I personally hate book reviews. Completely abhor them. The ones that appear in newspapers dissect the poor souls – I surely believe that books have souls – mercilessly with the precise hands of unfeeling scientists who have little or no respect for the person who wrote them. And so I maintain that I am not writing a book review. I am just retelling a story that I read, and think that those who have not heard about it or not yet read it should give themselves this treat at least once.

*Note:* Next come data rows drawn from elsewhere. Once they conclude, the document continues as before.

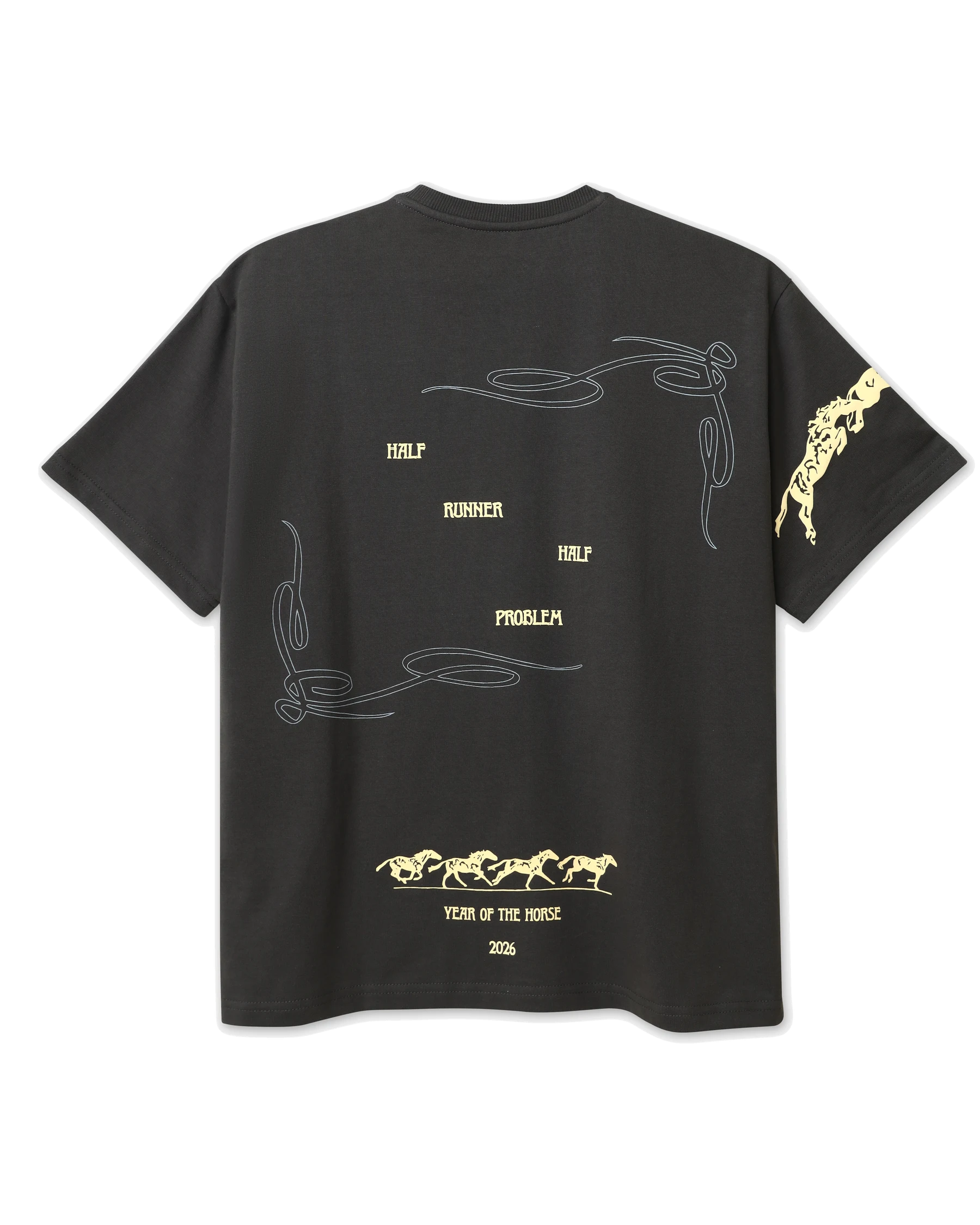 Wild Strides Tee in Ash - Half Runner Half Problem, printed on the back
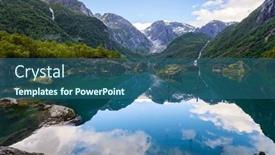  Presentation with mountain water - Slide set featuring gorgeous-mountainous-norway-evening-soft background and a ocean colored foreground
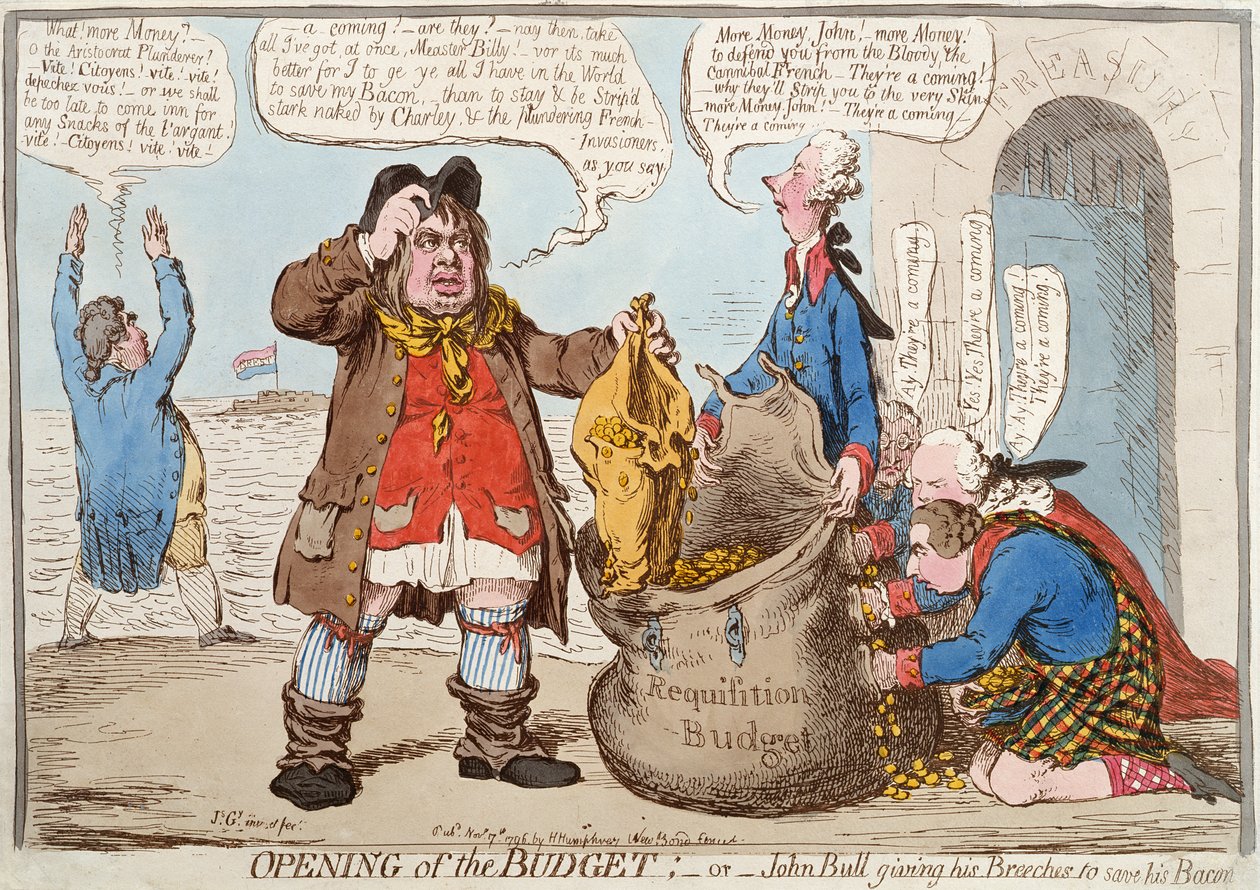 Åbning af budgettet eller John Bull giver sine ridebukser for at redde sit bacon, udgivet 17. november 1796 af James Gillray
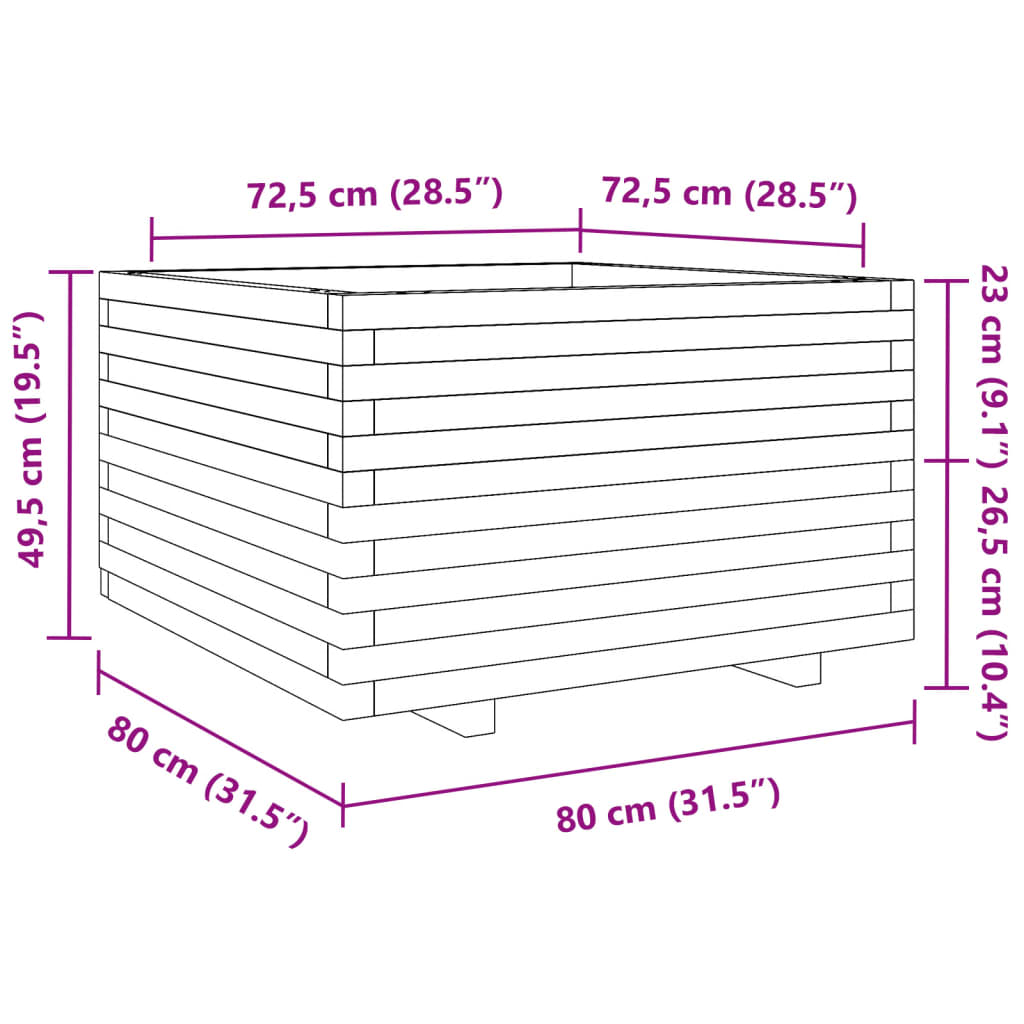 Garden Planter White 80x80x49.5 cm Solid Wood Pine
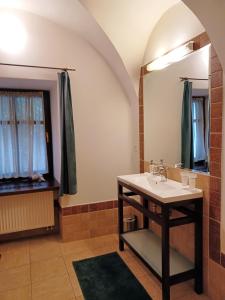 uma casa de banho com um lavatório e um espelho em Penzión pod kláštorom em Pezinok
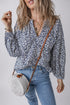 Floral Print Notched Neck Puff Sleeve Cotton Blouse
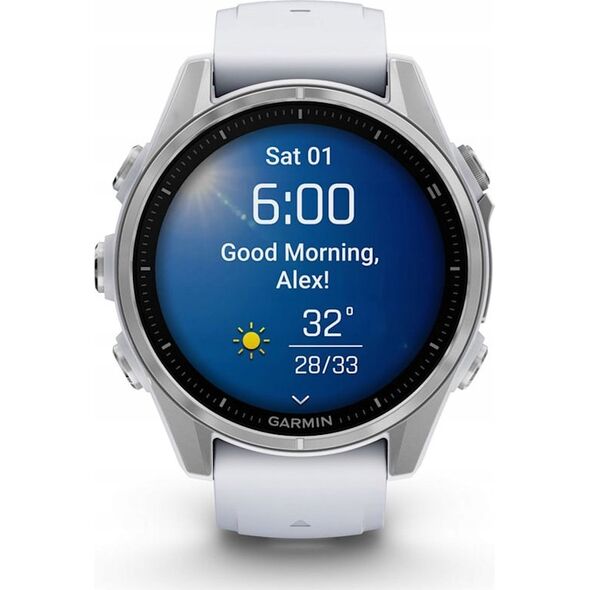 Zegarek sportowy Garmin Garmin Fenix 8 43 mm AMOLED Srebrny z białym paskiem [010-02903-00]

It is after the Civil War in Barcelona, Spain. A country shattered by the warring parties, stained with the dark salty scent of blood. A 10-year-old boy – Daniel – is taken to a place called The Cemetery of Forgotten Books by his father on one morning when he wakes up screaming that he cannot remember his dead mother’s face. This Cemetery is the place where the rarest collection of old and forgotten books lies. Daniel chooses The Shadow of the Wind by one Julian Carax, and finishes it within that night. The narrative of the book – as described by Daniel – reminds him “of one of those Russian dolls that contain innumerable diminishing replicas of themselves inside. Step by step the narrative split into a thousand stories, as if it had entered a gallery of mirrors, its identity fragmented into endless reflection.”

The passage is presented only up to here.